The Tutsi Hegemony

After the the Recent Unpleasantness involving militias in Goma, Congo, the War Nerd tilts at conventional wisdom to hail the Tutsi as heroic and castigate the UN as foolish do-gooders.

The Tutsi are the one group in Central Africa that has the organization, the intelligence, the military spirit. If it hadn’t been for the parasite peacekeepers, all of Central Africa would now be The Tutsi Empire, and everybody there would be a lot better off.

The Tutsi certainly do have some recent accomplishments. They chased out the Hutu genocidal regime in 1994. They rule both Rwanda and Burundi and dominate Eastern Congo. In 1996 they toppled the Kinshasa regime and installed Laurent Kabila (who soon betrayed them). Since then they have dominated Eastern Congo through various proxies and in 2012 they took control of Goma briefly, using a proxy militia.

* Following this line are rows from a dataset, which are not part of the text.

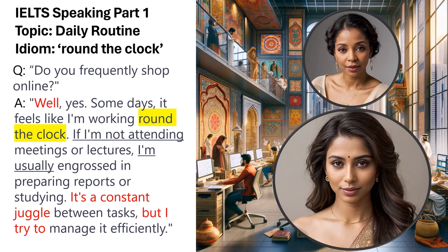The pause for thinking word 'well' and the linking phrases 'it's a constant juggle' and 'but I try to' effectively structure the answer, providing a coherent flow and logical progression. The use of idiomatic language, conditional structure, and modal verbs aligns with the criteria for Band 9 idiomatic usage and extended answer development in the IELTS speaking test.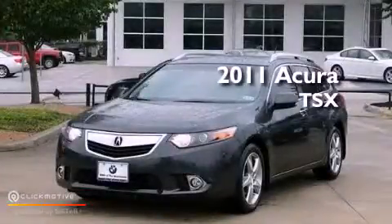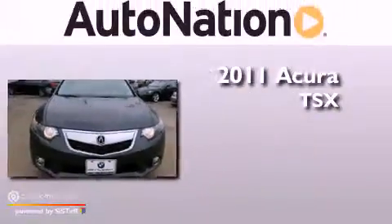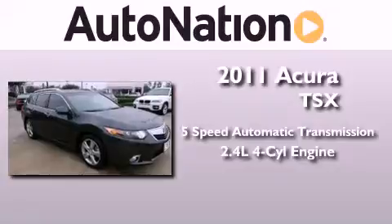This is a certified pre-owned 2011 Acura TSX. This vehicle has seating for five adults and an inline four-cylinder engine.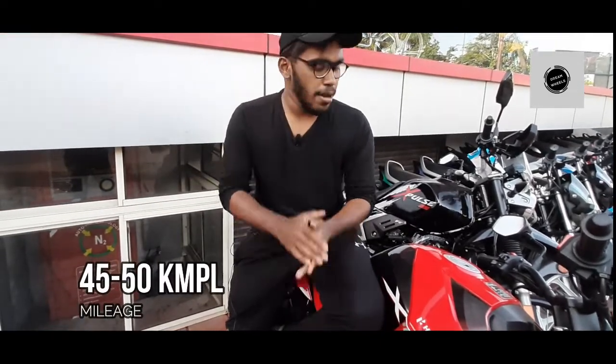Customer feedback indicates that the bike requires premium petrol for best performance, which is a downside for some users. The fuel economy comes in at around 45–50 km per litre.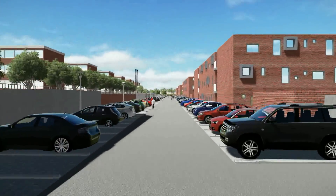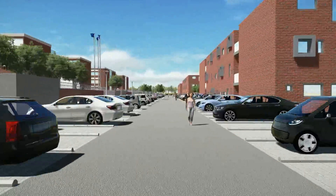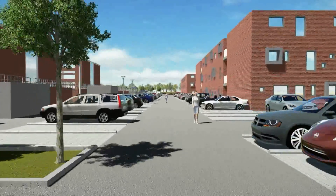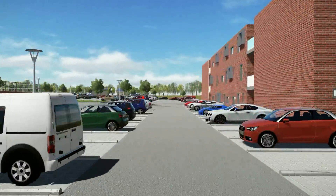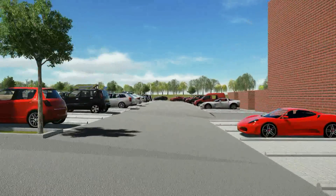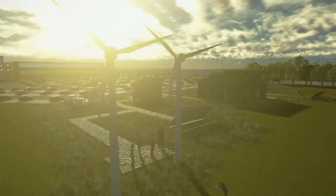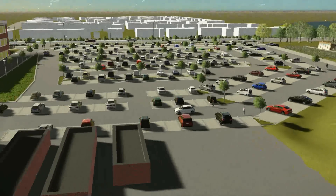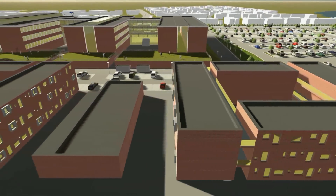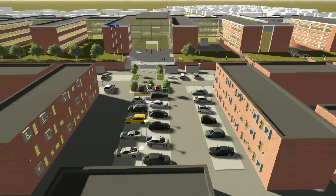Via Campus Horsens has a vibrant international study environment. There are 3,500 students of whom about half are international. We have 18 different courses and students become part of an international and always lively environment. At Via Campus Horsens you come to collaborate with students from other programs and countries, and the diversity helps to make the study environment more dynamic and fun.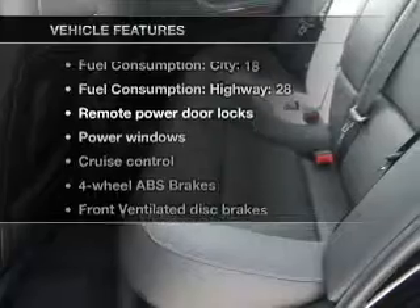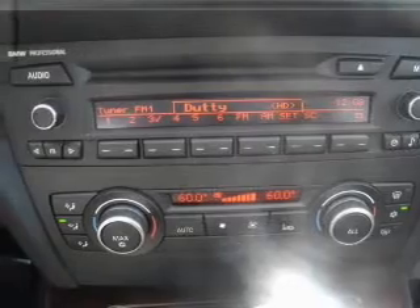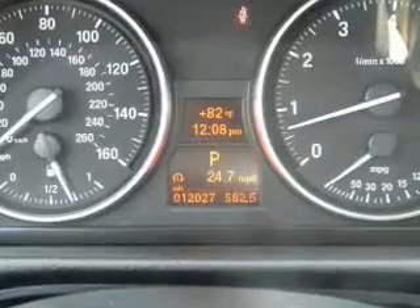Plus, enjoy these notable features that are included in this vehicle: air conditioning, power door locks, power windows, power steering, cruise control, power mirrors, and AM-FM stereo with a CD player. Call today to schedule a test drive.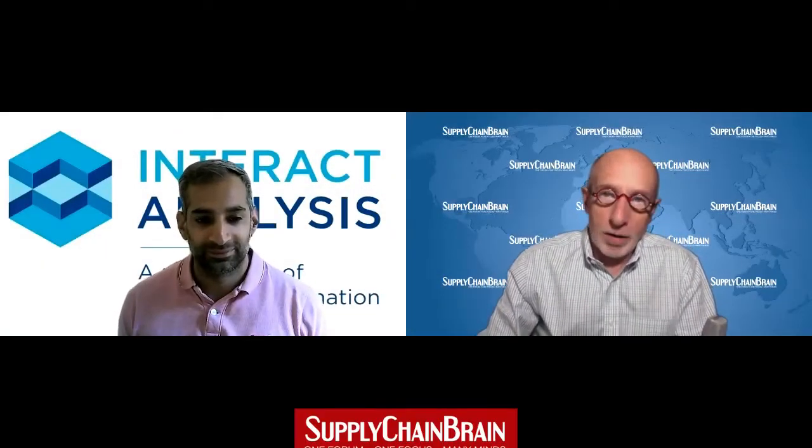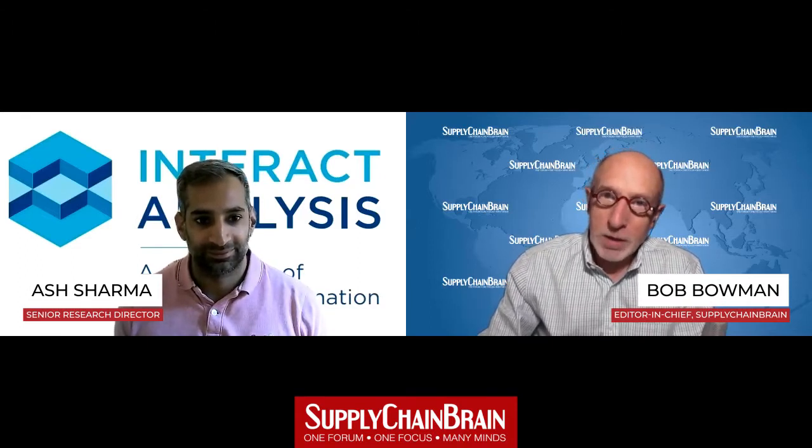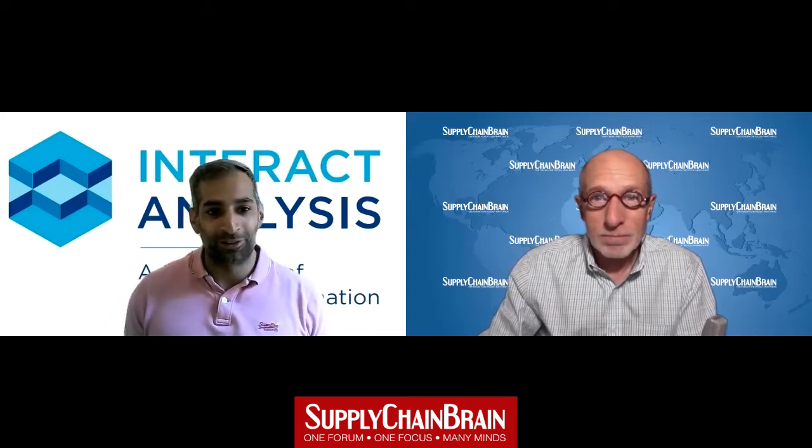The topic is AMRs — Autonomous Mobile Robots — and my guest is Ash Sharma, Senior Research Director for Interact Analysis. Hi there, Bob. Thanks very much for having me.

Their history is also pretty glorious. War Nerd:

The Tutsi came down to the lakes sometime around 1400, cattle-raising people who were good at war. They enslaved the Hutu, who’d come a little earlier and enslaved the Twa, the pygmies. So there was a straightforward three-tier system in the lake region: Tutsi on top, Hutu under them, and the Twa hiding out in the bush.

But why so successful? Why is there a Tutsi hegemony in the region?

Milk? Perhaps ability to digest milk give them a nutritional advantage over their neighbours? Wikipedia says that ~80% of Tutsi are lactose tolerant. This speaks to a long pastoral history, in common with other pastoralists of East Africa. There are reports that the Tutsi are relatively tall. This also seems associated with pastoralism in East Africa: the Maasai are famously tall.

Cooperation? Maybe historic pastoralism made them inclined to cooperate more solidly? Several centuries ago the Tutsi migrated away from the other pastoralists on the dry plains of East Africa, with their incessant cattle raiding feuds, into the wetter volcanic highlands of the Great Lakes. There lived sedentary farmers, less involved in raiding. Pastoral peoples have to cooperate in war band. Maybe the Tutsi are adapted more for cooperation. The Turkana, a pastoral cattle-raiding people of Northwest Kenya, commonly cooperate in large war bands. Maybe the Tutsi are more adapted for cooperation than their immediate neighbours.

All this is speculative, but when analysis is embargoed, speculation is all we have.